The city feels, then, that since a 48-inch line is to be built, the capacity of which we feel we have lost, and since the construction of this line will result in a tremendous economic savings to the Government, that Congress should consider reimbursing the city in the sum of $1,115,000 which the Senate committee recommended last session.


In conclusion, gentlemen, we wish to state again that the city of Muskogee has sold $2 million in bonds with an accumulated sum of $512,000 in interest to pay for a line which we feel has been necessitated by the construction and operation by the Government of the Fort Gibson Dam. We do not feel that the Government can satisfactorily operate the dam to protect the city's water supply. We feel that the economic worth of the water wasted will capitalize to substantially in excess of the cost of the line proposed and repeatedly promised to the city. Therefore we respectfully request that favorable consideration be given to reimbursing the city in the amount of $1,115,000.

Senator KNOWLAND. Thank you, Mayor.

Senator ELLENDER. Mr. Chairman, I am very much interested in this and other projects, but I have just been called to the Agriculture Committee to make up a quorum on an important bill, so I will have to absent myself for a while.





Senator KERR. I appreciate this opportunity, Mr. Chairman. I will not belabor the issue. I would like to file with the committee a statement in which I address myself to a number of projects before the committee: The Oklahoma City Floodway; the Muskogee waterline; bank stabilization on the Arkansas River; the Table Rock Dam; and planning funds for the engineers.

Senator KNOWLAND. That may go into the record in full at this point.

(The material referred to follows:


I appreciate the opportunity of appearing before this committee.
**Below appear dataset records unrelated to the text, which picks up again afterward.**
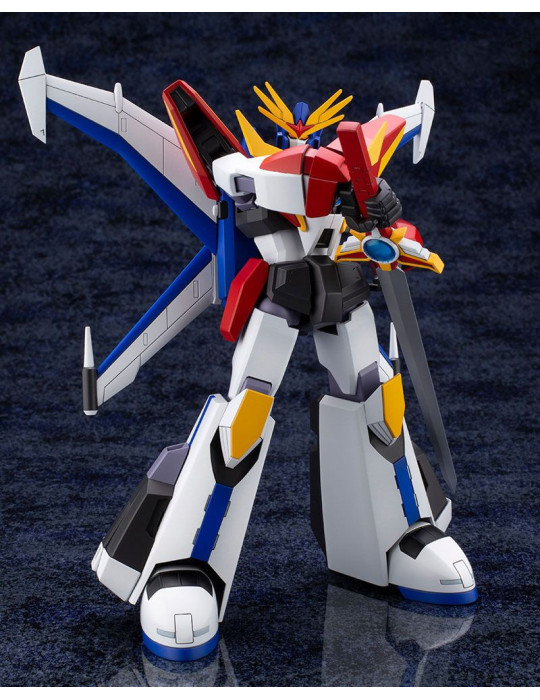 The Brave Fighter of Legend Da-Garn Plastic Model Kit Da-Garn X (Reproduction) 17 cm Kotobukiya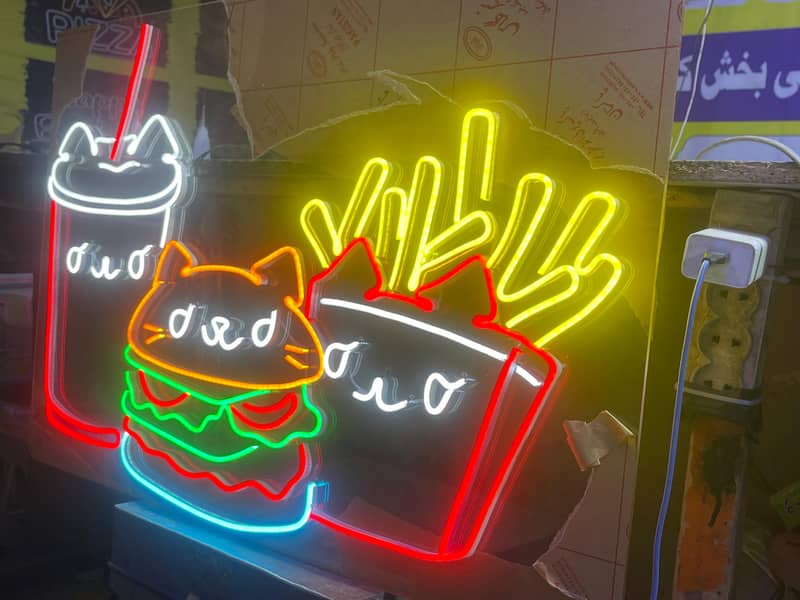 Neon Lights / Neon signs 1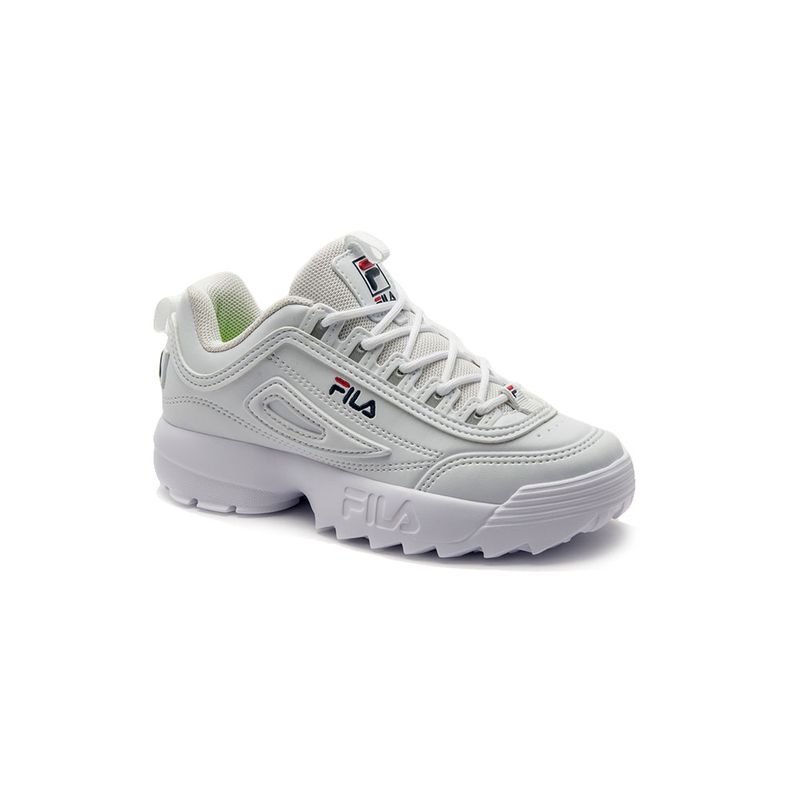 Exclusión Error Iniciar sesión ZAPATILLAS FILA DISRUPTOR NIÑO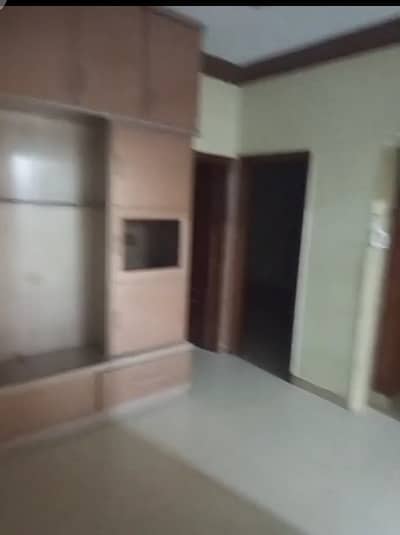 3 bed dd flat available for rent at shahra e pakistan blk 6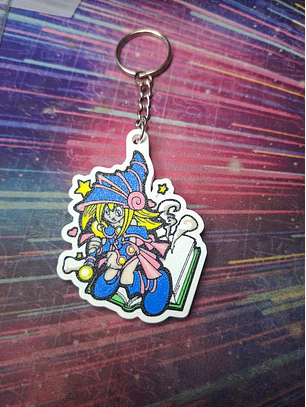 Llavero Toon Dark Magician Girl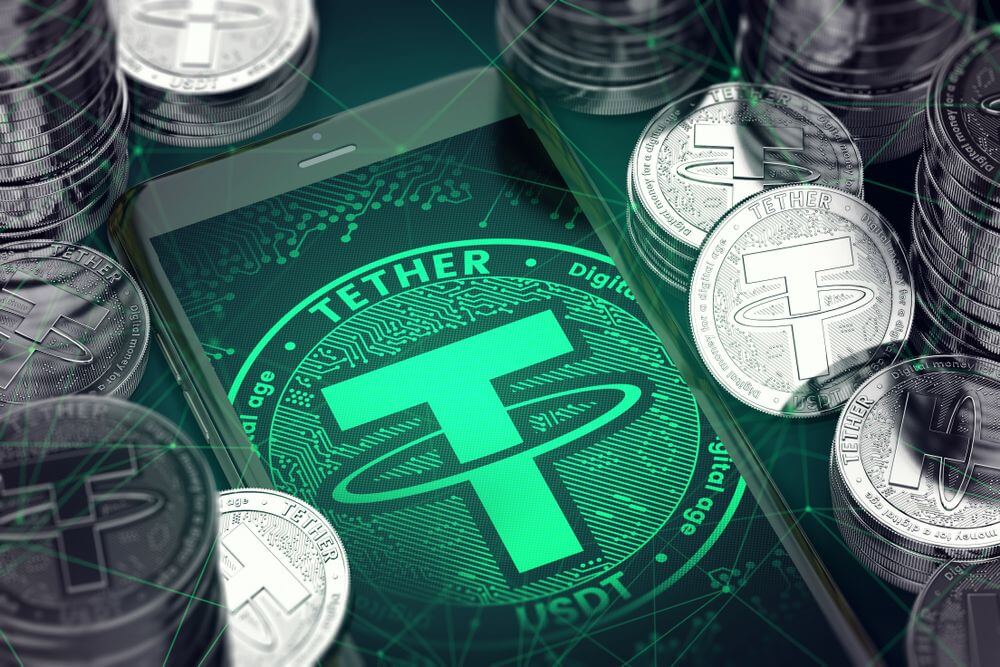 Tether alcanzó un beneficio récord de 5.200 millones de dólares en el primer semestre de 2024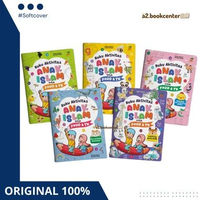 Ziyadbooks - Buku Aktivitas Anak Islam Untuk PAUD & TK Dapat 5 Buku Aktivitas Anak Islam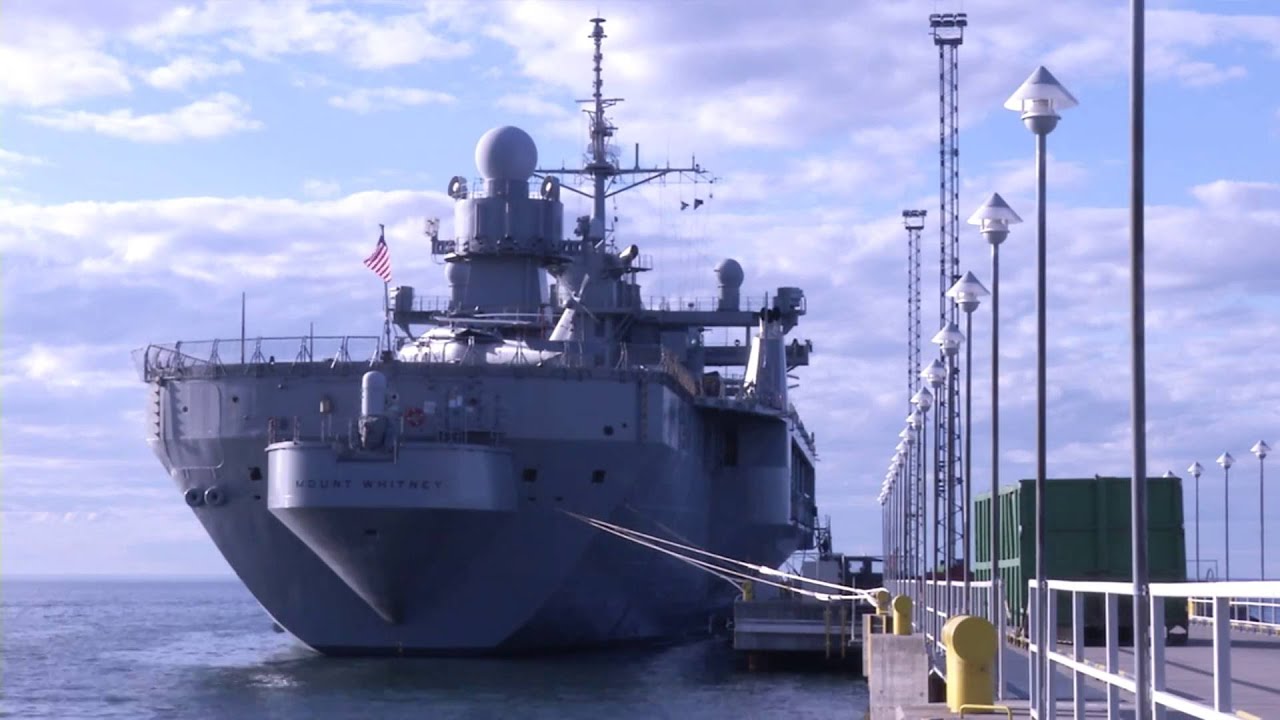 BALTOPS 2016: NATO allies and partners are making waves in the Baltic Sea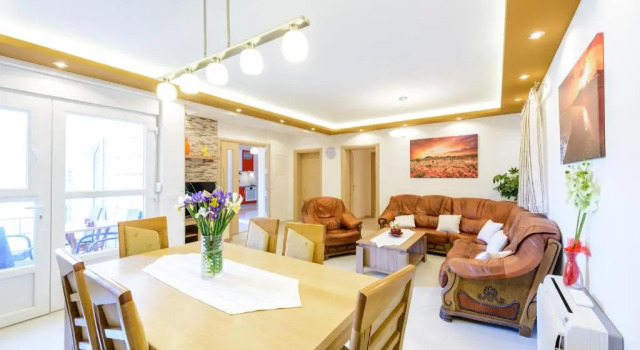 Апартаменты Superior Luxury Apartments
I will make a brief statement. Mr. Morrison Cunningham, who is representing the city manager and the City Council of Oklahoma City, will make a detailed statement.

The Oklahoma City Foodway is now under construction. The first unit has been completed and the Corps of Engineers is ready to let the contract for the second unit.

Congress has made available $2,200,000 for the first unit of the project. The President's budget asks for $2,314,000 for the fiscal year 1955 to be used in the second unit. This is the minimum required, and if additional money is not made available, the Corps of Engineers should be given authority to make contract obligations to meet the need of a normal rate of construction of the project.

Local interests have made funds available to meet the requirements for their part of the project. The city voted $2,775,000 on May 9, 1950. This was used to purchase rights-of-way.

On December 8, 1953, Oklahoma City voted an additional $1,812,000 for the project which will be used to purchase additional rights-of-way and make utility relocations in the second unit of the project.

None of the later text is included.